I'm trying to figure out how I could identify documents (tweets in this case) based on a term they may include.
Say I have this data frame (df), which is composed of a list of the screen name of Twitter users and one of their tweets.
> df
ScreenName tweet
[1,] "Guy A" "one random tweet"
[2,] "Guy B" "another random tweet"
[3,] "Guy C" "a third random piece of text"
Well, within this data frame I would like to get the tweets that include a certain term -say "tweet"- and extract those in to a new data frame (df2) like so:
> df2
ScreenName tweet
[1,] "Guy A" "one random tweet"
[2,] "Guy B" "another random tweet"
I assume there must be a way to do it using the tm or qdap packages. But could not find anything and so ended up with this mess;
After cleaning the corpus I convert to termDocumentMatrix
tdm <- TermDocumentMatrix(corpus, control=list(minWordLength=1))

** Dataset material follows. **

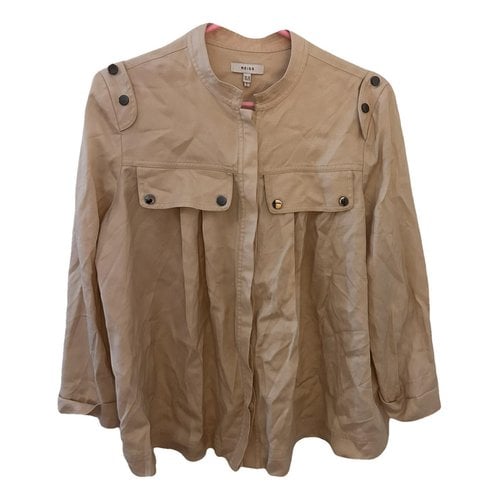Pre-owned Reiss Jacket In Camel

I then identify in which row of the Term Document Matrix the term I am interested in is
t <- as.vector(tdm[term,])
Subset - if term has been mentioned more than once
t.df <- as.data.frame(t)
t.sub <- subset(t.df, t >= 1)
Get document number (row number)
t.n <- as.numeric(rownames(t.sub))
Create new data frames where t.tw - only including tweets mentioning term and t.o - other tweets
t.tw <- tw[t.n,]
t.o <- tw[!1:nrow(tw) %in% t.n, ]
Thanks for your help.
Apologies if the horrendous piece of code above has offended any accomplished R users.